The program will be active in Germany, Austria, and Switzerland, and the money will be used to fund conservation and restoration projects around the globe.
The carbon offsets Shell plans to offer are only for the consumer portion of emissions — from the burning of gasoline. Shell plans to fund carbon offset projects for their portion of the emissions from the manufacture, transport, and sale of the fuel as well.
Other giant oil companies are getting involved in the charging game too. Total plans to install several charging stations across Germany and Europe starting this spring.
Electrek’s Take
It’s hard to take an oil giant seriously, especially one that has been responsible for so much environmental damage for so long. Shell is enormous and has existed for more than 100 years, so they shoulder the blame for a large percentage of damage that’s been inflicted on the environment over the last century.
So the idea of Shell spending less than 1% of their revenues, and 1 cent per liter of fuel — but only in some territories — on cleaning up their act feels more than a little hollow.
Skepticism for Shell’s actions here is natural. It’s entirely plausible to think that they’re buying up green energy and electric car-charging infrastructure in order to let it languish or otherwise keep tabs on it.

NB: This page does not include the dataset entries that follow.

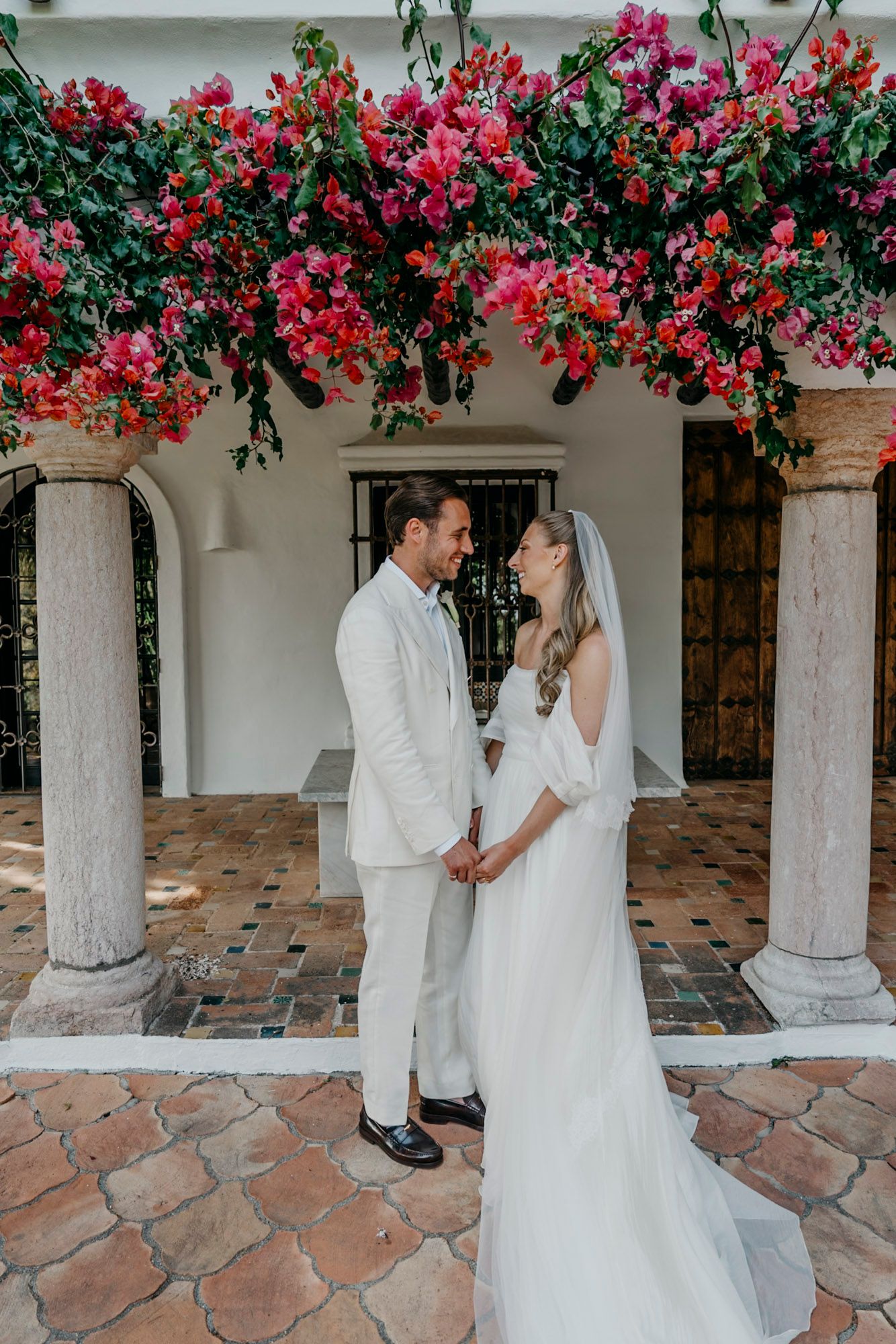 A couple in white stands under a colonnade covered with vibrant red bougainvillea flowers.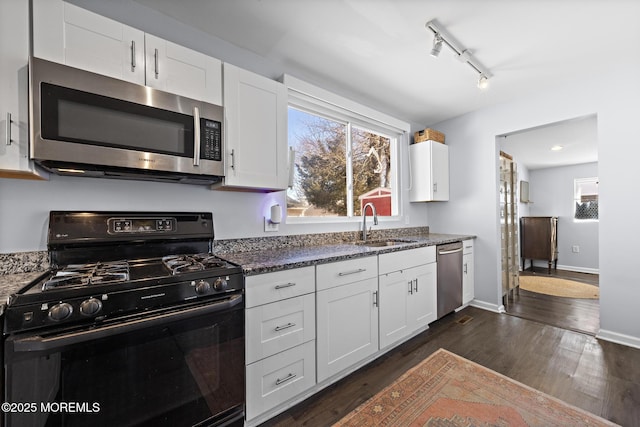 kitchen featuring stainless steel appliances, dark wood-style flooring, a sink, white cabinetry, and dark stone counters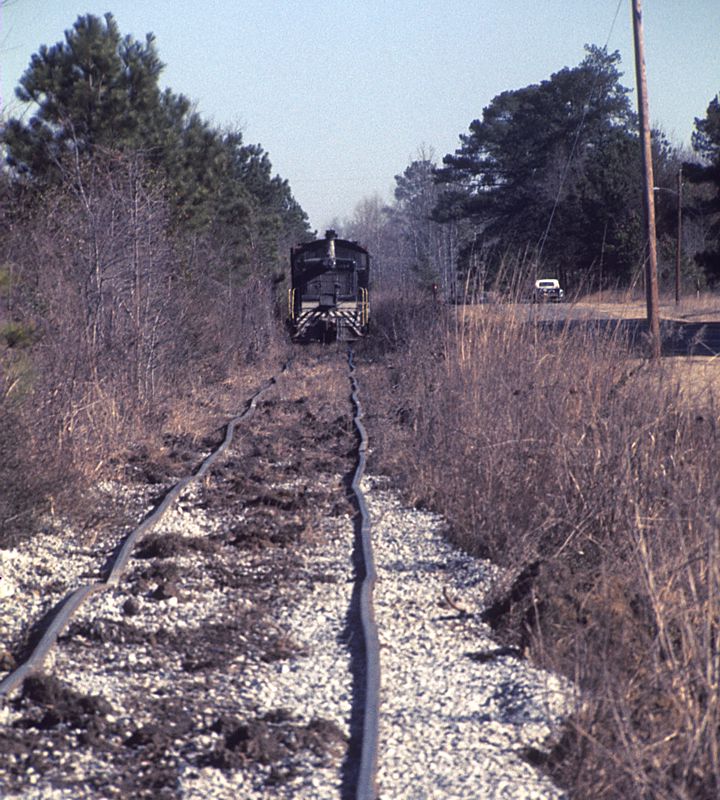 Southern Railway engine 1004 shoving log cars north in Wadley, GA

But maybe there really are some people in Shell who actually see the light and recognize that their business will fail without adaptation.
We’d like to see bigger moves in this direction. For starters, a much larger budget for green energy would be nice. Or perhaps, instead of it being a separate division, transfer the entire company into renewable energy and rapidly work to move out of the fossil-fuel business.
What would be really nice is if Shell committed to offset all emissions from any oil produced by their company and kept their oil assets in the ground where they belong. And then, Shell can do the same for the last century-worth of emissions costs of which they’ve burdened the world with.
But I suppose asking polluters to clean up after themselves is “unrealistic.” So I guess we just have to be happy about this move, and continue to work to get that new energy investment up. OK, Shell?